Understanding Biblical People, Places, and Controversies through Archaeology
Lanham, MD: Rowman & Littlefield, 2009, 352 pp.
$44.95 (hardcover), $18.95 (paperback)
Reviewed by Eric H. Cline
Two words: caveat emptor. In the introduction to this book, modestly titled “A Crash Course in Biblical Archaeology,” one finds 46 pages of rambling text but not even the bare rudiments of a crash course in Biblical archaeology. Instead, there is a stream-of consciousness mishmash that lurches from an initial 26-page discussion of the Bible, its redaction and the Documentary Hypothesis, with a twopage aside on the minimalist-maximalist debate, to a nine-page discussion of possible forgeries, including stories of George Washington and some lady who thought she had a Dead Sea Scroll in her sock drawer, then back again for another four pages on minimalists and maximalists, and a final six pages titled “The Three Roles of Archaeology in the Study of the Bible” but which have nothing to do with archaeology and everything to do with Freund discussing the Zohar, plus a paper that he presented in Rome in the early 1990s, and, for some reason, baby Moses in a basket of bulrushes.

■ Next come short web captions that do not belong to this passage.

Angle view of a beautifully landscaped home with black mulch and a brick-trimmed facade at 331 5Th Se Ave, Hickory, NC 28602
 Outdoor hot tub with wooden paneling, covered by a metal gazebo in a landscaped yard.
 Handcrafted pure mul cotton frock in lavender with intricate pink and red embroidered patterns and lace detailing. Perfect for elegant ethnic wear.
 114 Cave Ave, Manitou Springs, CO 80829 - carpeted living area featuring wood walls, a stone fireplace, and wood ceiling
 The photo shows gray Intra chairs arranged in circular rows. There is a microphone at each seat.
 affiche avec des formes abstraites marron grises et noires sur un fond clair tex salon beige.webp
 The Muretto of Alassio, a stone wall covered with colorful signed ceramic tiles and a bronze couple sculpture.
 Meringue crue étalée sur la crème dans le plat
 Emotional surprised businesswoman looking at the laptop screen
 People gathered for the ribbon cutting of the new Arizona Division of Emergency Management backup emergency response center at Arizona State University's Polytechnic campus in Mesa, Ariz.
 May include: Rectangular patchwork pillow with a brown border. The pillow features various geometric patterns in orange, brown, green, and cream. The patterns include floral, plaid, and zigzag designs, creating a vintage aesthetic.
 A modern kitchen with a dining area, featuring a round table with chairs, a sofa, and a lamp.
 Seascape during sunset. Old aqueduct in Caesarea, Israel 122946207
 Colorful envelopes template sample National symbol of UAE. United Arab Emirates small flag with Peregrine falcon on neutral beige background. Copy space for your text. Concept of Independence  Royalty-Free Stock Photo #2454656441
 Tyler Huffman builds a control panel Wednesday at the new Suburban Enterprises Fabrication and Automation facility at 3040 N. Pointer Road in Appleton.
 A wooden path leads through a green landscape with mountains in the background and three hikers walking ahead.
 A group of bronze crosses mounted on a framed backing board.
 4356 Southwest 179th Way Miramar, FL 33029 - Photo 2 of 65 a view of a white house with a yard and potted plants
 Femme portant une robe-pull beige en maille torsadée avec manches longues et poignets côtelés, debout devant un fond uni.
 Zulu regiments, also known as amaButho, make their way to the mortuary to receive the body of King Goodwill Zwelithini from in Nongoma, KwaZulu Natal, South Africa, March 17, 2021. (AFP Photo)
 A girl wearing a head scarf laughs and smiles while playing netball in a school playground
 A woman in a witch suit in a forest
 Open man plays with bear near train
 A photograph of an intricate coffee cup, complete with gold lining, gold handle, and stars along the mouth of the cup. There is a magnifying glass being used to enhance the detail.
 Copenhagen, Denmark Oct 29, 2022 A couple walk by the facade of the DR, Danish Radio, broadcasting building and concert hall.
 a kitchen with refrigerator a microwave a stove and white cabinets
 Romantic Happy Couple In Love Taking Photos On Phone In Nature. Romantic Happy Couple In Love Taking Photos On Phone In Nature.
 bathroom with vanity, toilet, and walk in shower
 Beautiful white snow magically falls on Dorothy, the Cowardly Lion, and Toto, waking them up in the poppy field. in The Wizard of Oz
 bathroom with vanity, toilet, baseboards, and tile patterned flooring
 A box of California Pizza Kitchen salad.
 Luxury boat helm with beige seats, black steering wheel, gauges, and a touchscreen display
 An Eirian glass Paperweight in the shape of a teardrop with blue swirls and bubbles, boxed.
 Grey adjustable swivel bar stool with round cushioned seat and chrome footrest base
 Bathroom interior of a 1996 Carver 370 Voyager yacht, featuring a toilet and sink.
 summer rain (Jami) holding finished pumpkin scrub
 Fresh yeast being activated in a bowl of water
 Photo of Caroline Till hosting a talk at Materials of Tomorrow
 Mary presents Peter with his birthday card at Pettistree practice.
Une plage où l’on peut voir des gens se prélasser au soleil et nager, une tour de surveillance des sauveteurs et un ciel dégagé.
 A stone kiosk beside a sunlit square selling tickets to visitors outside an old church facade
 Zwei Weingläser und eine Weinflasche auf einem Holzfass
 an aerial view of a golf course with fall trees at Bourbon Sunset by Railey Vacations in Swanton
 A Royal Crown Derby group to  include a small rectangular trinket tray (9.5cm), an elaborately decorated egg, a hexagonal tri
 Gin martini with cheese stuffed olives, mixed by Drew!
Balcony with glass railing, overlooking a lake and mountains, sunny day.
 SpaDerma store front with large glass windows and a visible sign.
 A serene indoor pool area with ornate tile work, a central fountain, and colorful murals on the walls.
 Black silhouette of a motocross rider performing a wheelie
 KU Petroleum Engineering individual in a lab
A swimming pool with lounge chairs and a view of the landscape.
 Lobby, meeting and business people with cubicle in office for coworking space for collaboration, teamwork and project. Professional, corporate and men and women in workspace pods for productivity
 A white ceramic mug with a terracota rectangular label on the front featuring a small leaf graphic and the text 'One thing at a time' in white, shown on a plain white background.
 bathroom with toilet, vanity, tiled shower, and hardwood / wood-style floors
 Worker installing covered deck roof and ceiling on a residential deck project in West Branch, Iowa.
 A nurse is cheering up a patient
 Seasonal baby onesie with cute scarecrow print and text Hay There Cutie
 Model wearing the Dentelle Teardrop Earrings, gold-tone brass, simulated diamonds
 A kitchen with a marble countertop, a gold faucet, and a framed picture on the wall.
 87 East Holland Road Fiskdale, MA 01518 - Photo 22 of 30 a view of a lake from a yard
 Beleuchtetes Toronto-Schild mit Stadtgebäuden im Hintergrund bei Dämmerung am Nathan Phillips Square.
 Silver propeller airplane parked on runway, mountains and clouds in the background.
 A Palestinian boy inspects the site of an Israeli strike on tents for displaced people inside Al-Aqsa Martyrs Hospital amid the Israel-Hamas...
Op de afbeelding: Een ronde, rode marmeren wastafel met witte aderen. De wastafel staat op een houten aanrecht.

There is a lot of writing on these 46 pages, but nobody reading them will come away with any more knowledge about how to conduct Biblical archaeology than they had before they began. The same holds true for the bloated first-person narrative in the rest of the volume, which seems to include just about every waking thought that Freund has ever had about archaeology, religion and the Bible. While readers may not actually learn anything useful about digging through the Bible, they will learn a lot about Freund, his life, his thoughts, the “personal and intellectual connection to Qumran” that he apparently feels, his meeting with the Pope, every single TV documentary he has ever been in, etc., etc., etc. Who knew that Rowman & Littlefield had turned into a vanity press?
Eric H. Cline is the chair of the department of classical and Semitic languages and literature at The George Washington University, associate director of the Megiddo expedition and codirector of the Tel Kabri Project.